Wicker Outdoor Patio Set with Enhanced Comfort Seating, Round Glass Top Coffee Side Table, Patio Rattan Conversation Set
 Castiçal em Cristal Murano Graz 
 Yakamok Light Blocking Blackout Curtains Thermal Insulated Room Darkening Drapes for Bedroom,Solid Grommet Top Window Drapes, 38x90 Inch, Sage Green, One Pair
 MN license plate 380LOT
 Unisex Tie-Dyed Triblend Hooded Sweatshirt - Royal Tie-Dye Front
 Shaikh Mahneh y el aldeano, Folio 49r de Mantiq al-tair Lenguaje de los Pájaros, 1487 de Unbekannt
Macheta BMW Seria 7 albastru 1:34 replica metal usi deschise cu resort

##############################

The problem:
Exactly the lines from the one holding "Unisex Tie-Dyed Triblend" to the final line of the listing, both included, must make up the answer.

Result for this task:
 Unisex Tie-Dyed Triblend Hooded Sweatshirt - Royal Tie-Dye Front
 Shaikh Mahneh y el aldeano, Folio 49r de Mantiq al-tair Lenguaje de los Pájaros, 1487 de Unbekannt
Macheta BMW Seria 7 albastru 1:34 replica metal usi deschise cu resort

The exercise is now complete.